Segue-se que pisar no interior de qualquer “casa de família” era o pesadelo da gente preta — a lenda contada como que para assustar as crianças: o boi da cara branca e seus descendentes prenderiam naquele território, num sacrifício diário e imutável, a gente preta, sobretudo as mulheres pretas.
Mas há outra lenda, reconstruída a partir de uma obra de Amos Tutuola — a lenda do cavalheiro completo — que sintetiza a fragmentação do corpo escravizado, “todos sem cara, descarados”. O tema espelha a imagem da louça em cacos, os pedaços desse corpo que se arruína, se vende, se queima, adoece e desaparece.

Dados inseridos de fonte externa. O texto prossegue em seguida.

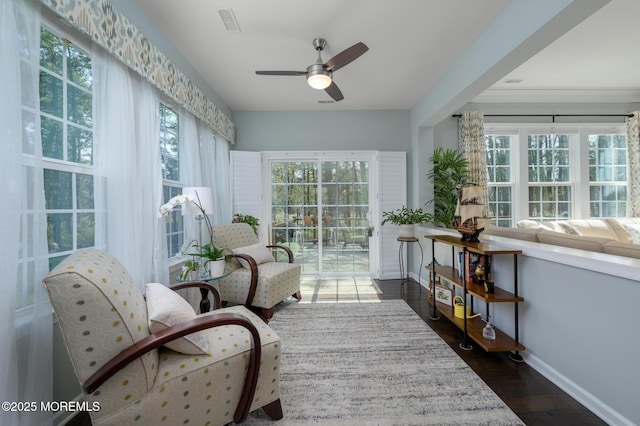 sunroom / solarium with baseboards, visible vents, and wood finished floors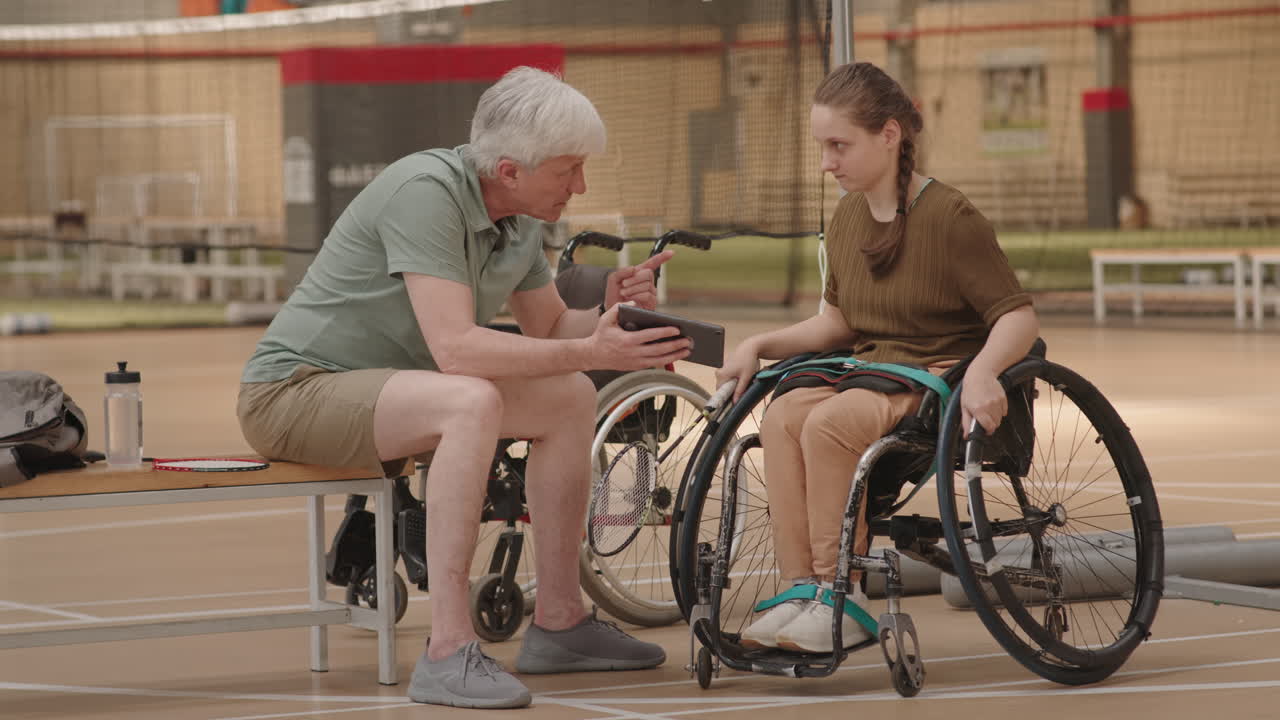 Coach Instructing Girl Before Match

Em muitos momentos, o relato me lembrou Cartas a uma negra, de Françoise Ega, livro no qual a autora, nascida na Martinica, também expõe a rotina opressiva que foi o destino trágico de tantas empregadas caribenhas na França dos anos 1960.

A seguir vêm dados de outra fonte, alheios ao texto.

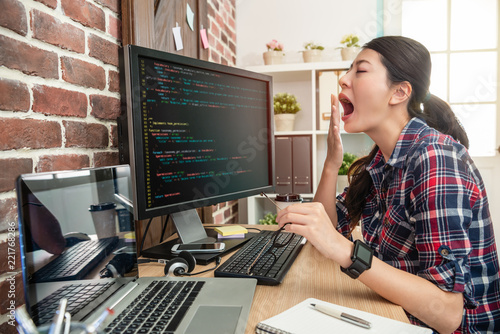 female programmer overworking and yawing photo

Assim como Cuandu na infância criou um armário para guardar peças quebradas, na vida adulta, enquanto narradora dessa história, toma para si a tarefa de reconstituir a importância desses corpos feridos, dessas feridas de sua linhagem, encenando infinitamente um processo de construção e desmembramento literário. Os episódios são quadros vivos de figuras castradas, rearticuladas em variadas composições, numa espécie de “incessante elaboração do inalterado”, como diz Rosalind Krauss a propósito da obra do surrealista Hans Bellmer.
A ideia de um corpo direcionado para a dor ou o abate é ainda reprisada no cenário da matança do gado:
O frigorífico tinha várias instalações divididas por função graxaria cozimento do sangue salgadura dos couros conservas moedura dos ossos câmaras frigoríficas rotulagem matança picada tanque para cozer ossos salmoura resfriador.
Mesmo dentro da família de Cuandu encontra-se a opressão, a violência:
Na presença do expaimeu eu pisava cacos de louças com pés descalços enquanto ele protegia os seus por sapatos de couro e galochas de aço.
O peso desse sofrimento extravasa através de uma escrita que atinge uma abundância sensitiva e uma dicção irônica, em verdadeiro tom de quem escreve mordendo os lábios para não gritar. O trauma ancestral vem carregado pela história de tantas pessoas escravizadas:
Quisera que alguma liberdade a tivesse alcançado antes da morte. Algo me diz que apenas assim eu confiaria na possibilidade de me ver livre dos corpos que me achatam.
O esmagamento é um outro tipo de mutilação deste corpo. A memória soterra Cuandu: “Ossadas me achatam e me impedem a caminhada dentro da própria casa, se arrastam nos babados de meu vestido surrado. Não tenho onde pisar os pés”. Em seu sufocamento, ela constata algo irremediável: “Uma mulher negra jamais poderá ser livre entre a gente branca e até entre a gente preta”.
O caminho possível para o expurgo é a palavra. Deixar irromper a raiva no texto, a bile, o fel, o ódio: “Não sei escrever textos em que a raiva não desponte”, diz a narradora, ao falar da “morte das gentes empretecidas e de seus esqueletos enlouçados”.
Aliás, o movimento de despedaçar/reconstruir também se percebe na prática da intertextualidade. São muitas as referências que Eliane Marques traz: cita Georgina Herrera, Jamaica Kincaid, Ahmadou Kourouma, Wole Soyinka, Aimé Césaire, Derek Walcott e Carolina Maria de Jesus, dentre outros nomes, que perpassam Louças de família como se criassem suturas para os temas, costurassem os caminhos das vozes literárias.
A força dessa escrita é autoimposta, revela Cuandu:
Além de rancorosa, sou muito desconfiada. Sou da escola das ressentidas. Não preciso afirmar isso. Vocês já puderam ler. Mas preciso afirmar que não somos fortes, apenas não temos outra saída senão suportar, senão sobreviver.
A autora, também por ser psicanalista, sabe das implicações disso.